Adapté d’une pièce de Broadway à succès signée Robert Marasco (auteur du roman dont sera adapté l’excellent Trauma, disponible chez Rimini Éditions), Les yeux de Satan met donc en scène l’affrontement sans merci entre deux professeurs ne partageant pas la même vision de l’éducation, incarnés à l’écran par Robert Preston et James Mason. Si le film développe indéniablement une atmosphère fantastique, principalement orchestrée par un recours vraiment habile de Sidney Lumet à la musique, la thématique centrale des Yeux de Satan va en réalité d’avantage chercher du côté de la notion d’influence, et le cœur du récit mettra avant tout en scène la lutte d’influences qui opposera Dobbs (Robert Preston) et Malley (James Mason), cette dernière étant en quelque sorte « arbitrée » par le personnage incarné par Beau Bridges, fils de Lloyd, frère aîné de Jeff, et qui était alors considéré comme un acteur à suivre.
Mieux vaut cependant ne pas en dévoiler trop sur l’intrigue du film, afin d’en préserver les surprises.

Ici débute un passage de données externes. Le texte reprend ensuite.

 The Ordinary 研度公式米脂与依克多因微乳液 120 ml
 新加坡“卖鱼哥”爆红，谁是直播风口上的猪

On peut néanmoins révéler qu’au moment de sa mise en chantier, Les yeux de Satan fut probablement pensé comme un film de mystère s’imposant comme un enfant illégitime de Rosemary’s baby (Roman Polanski, 1968), avec qui il partage quelques points communs. Le film de Sidney Lumet met à sa manière également en scène l’éternelle opposition entre le bien et le mal, tout en baladant gentiment le spectateur, qui ne parvient jamais exactement à déterminer où se situe le bien par rapport au mal, et où se situe la frontière entre ces deux notions.

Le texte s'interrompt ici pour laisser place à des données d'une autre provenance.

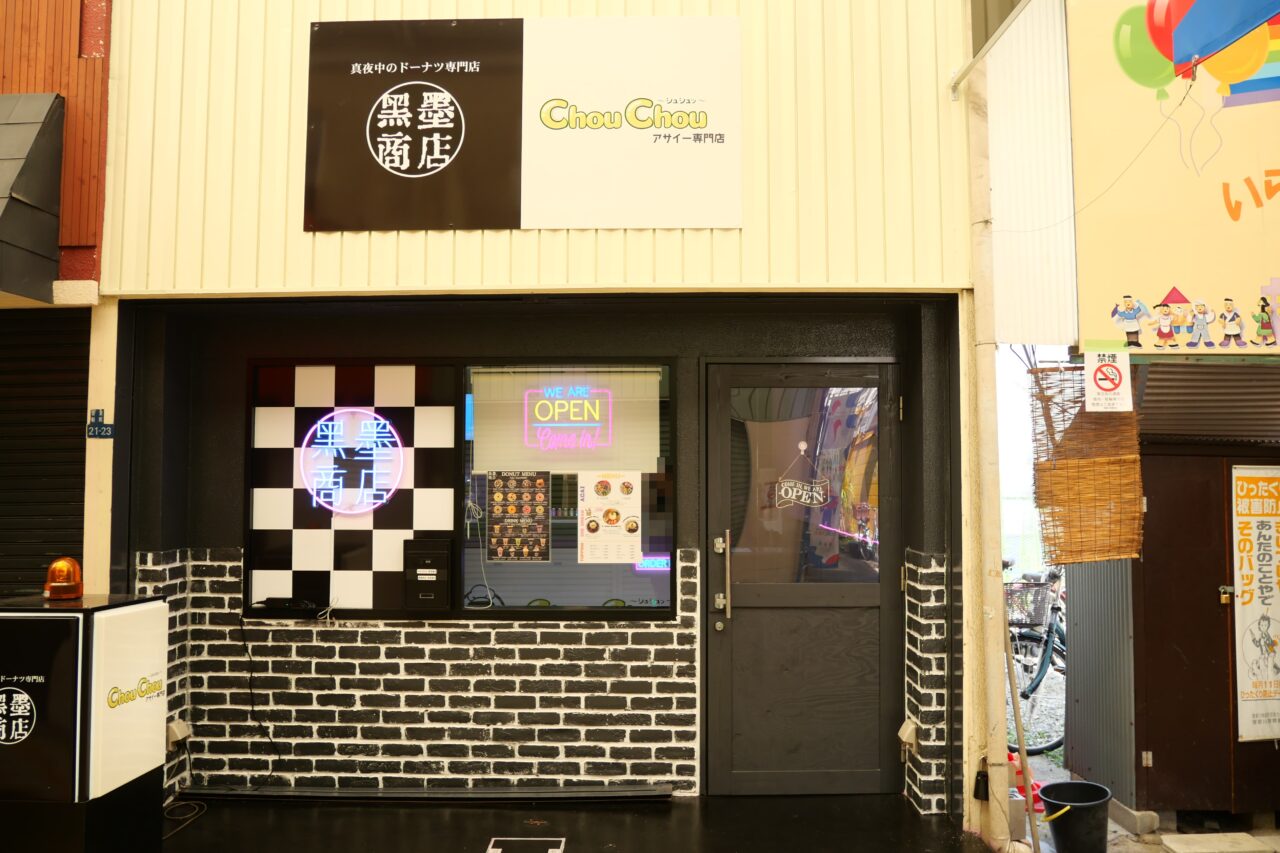 chouchouと黒墨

On notera également le trouble rapport de Lumet à l’homosexualité latente de ses personnages, qui s’avère développé avec subtilité durant tout le métrage. Les yeux de Satan joue en effet énormément sur l’ambiguïté entourant les deux professeurs, au point que l’on puisse imaginer qu’ils sont ou furent amants, et que la pression sociale et religieuse – n’oublions pas que le film prend place dans une école catholique et que les deux profs ont un rapport profond à la prière – les a forcé à se séparer, attisant la haine entre eux. L’ambiance profondément claustrophobe du cadre de l’école, que l’on ne quittera quasiment jamais, ajoute encore de l’intensité et de la noirceur à cette relation d’amour / haine. James Mason en particulier livre une prestation assez grandiose en professeur à la fois sévère et vulnérable.
Le Blu-ray
[4/5]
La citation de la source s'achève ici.